Data records –
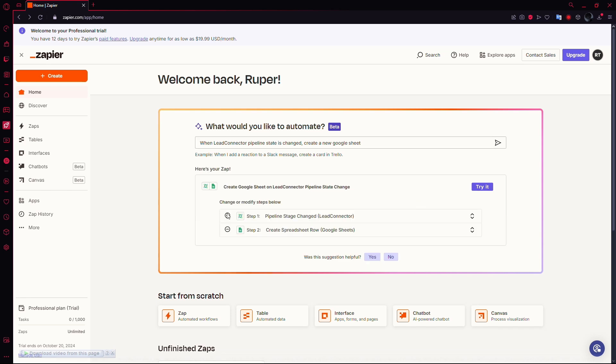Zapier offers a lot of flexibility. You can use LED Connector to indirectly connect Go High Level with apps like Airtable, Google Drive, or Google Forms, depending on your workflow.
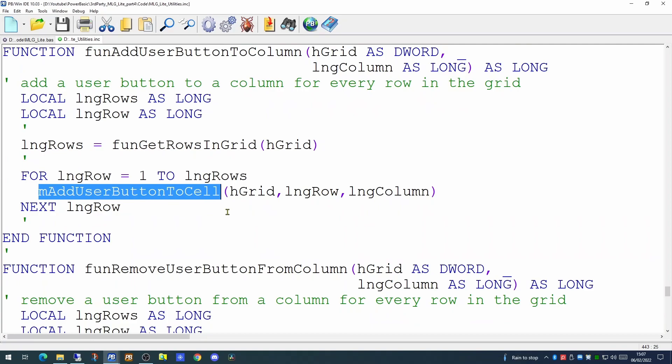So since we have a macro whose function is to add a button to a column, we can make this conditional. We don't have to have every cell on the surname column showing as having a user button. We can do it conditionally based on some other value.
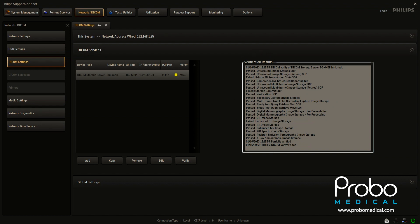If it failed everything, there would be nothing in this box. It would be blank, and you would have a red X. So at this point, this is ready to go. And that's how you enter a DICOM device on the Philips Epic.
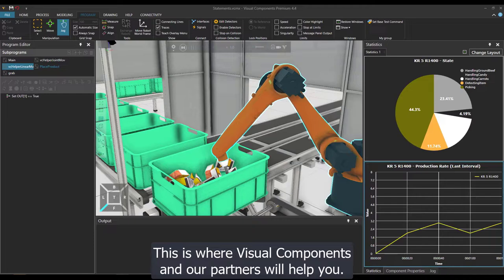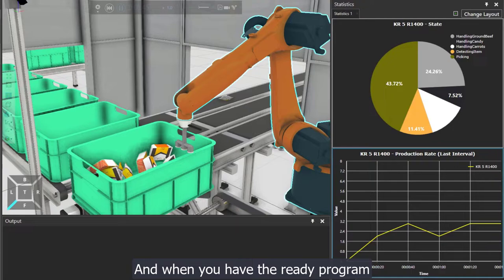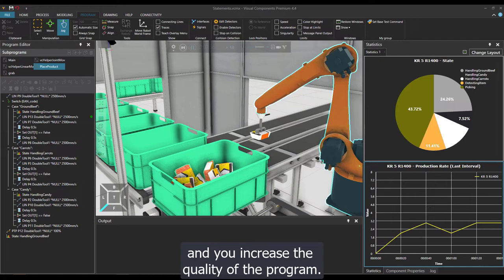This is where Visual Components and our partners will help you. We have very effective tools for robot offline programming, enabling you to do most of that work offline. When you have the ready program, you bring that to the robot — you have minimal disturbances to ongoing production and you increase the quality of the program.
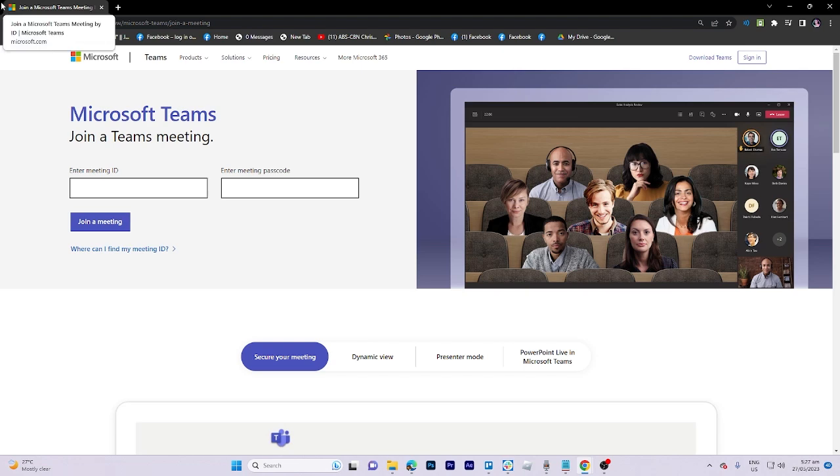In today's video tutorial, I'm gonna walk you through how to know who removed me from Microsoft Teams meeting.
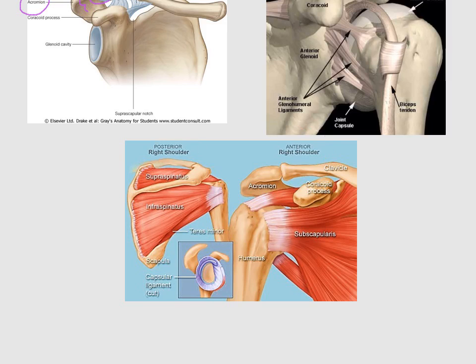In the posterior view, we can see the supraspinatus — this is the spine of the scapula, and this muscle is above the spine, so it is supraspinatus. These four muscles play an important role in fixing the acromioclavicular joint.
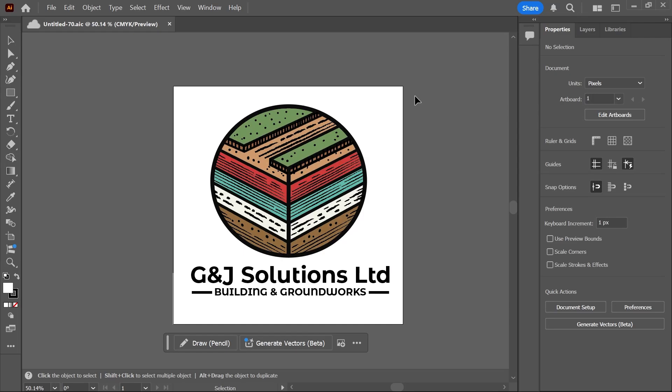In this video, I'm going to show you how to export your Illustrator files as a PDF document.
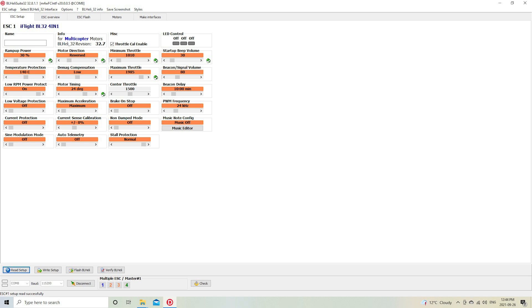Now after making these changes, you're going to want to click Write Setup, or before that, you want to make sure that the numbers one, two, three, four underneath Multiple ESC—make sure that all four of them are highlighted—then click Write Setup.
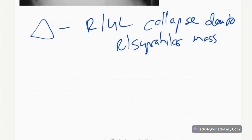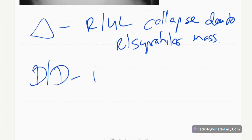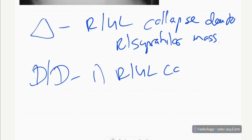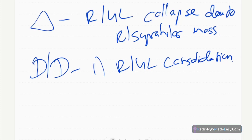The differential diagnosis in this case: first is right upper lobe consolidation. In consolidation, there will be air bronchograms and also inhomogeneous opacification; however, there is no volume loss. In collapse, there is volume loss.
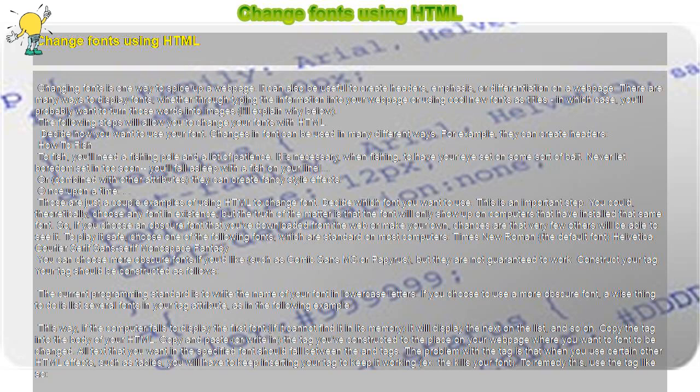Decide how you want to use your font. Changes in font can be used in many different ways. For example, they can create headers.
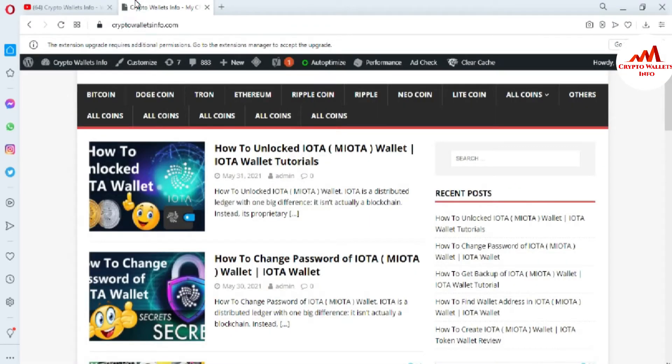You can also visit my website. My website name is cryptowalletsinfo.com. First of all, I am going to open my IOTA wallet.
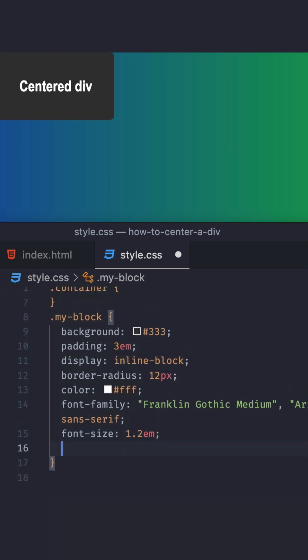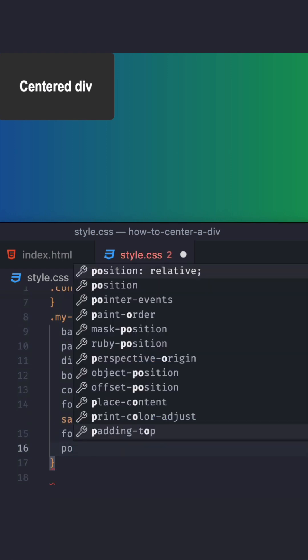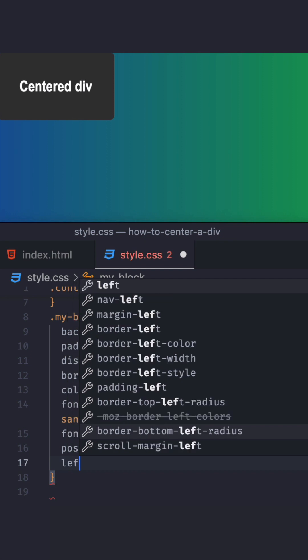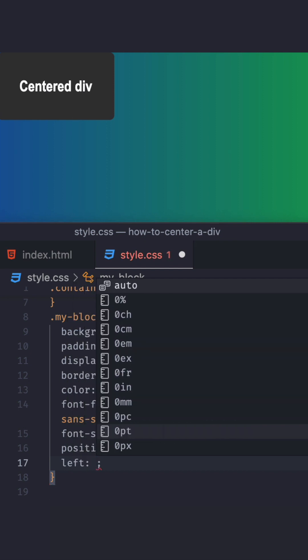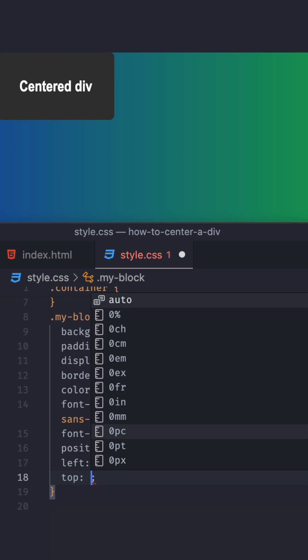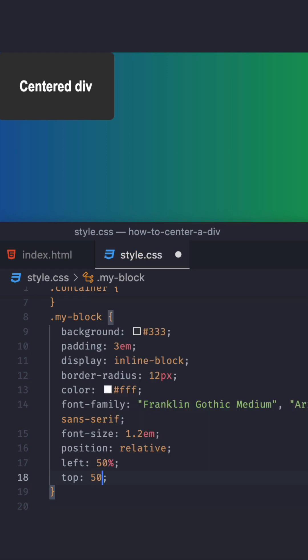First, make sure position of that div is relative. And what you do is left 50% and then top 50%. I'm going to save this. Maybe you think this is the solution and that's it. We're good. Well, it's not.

Your objective –
From the line containing "In today's video" through the line containing "In this video, I'm", copy every line above exactly, without pictures.

Result of the task –
In today's video tutorial, I'm gonna walk you through how to know who removed me from Microsoft Teams meeting.
In the posterior view, we can see the supraspinatus — this is the spine of the scapula, and this muscle is above the spine, so it is supraspinatus. These four muscles play an important role in fixing the acromioclavicular joint.
In this video, I'm going to show you how to export your Illustrator files as a PDF document.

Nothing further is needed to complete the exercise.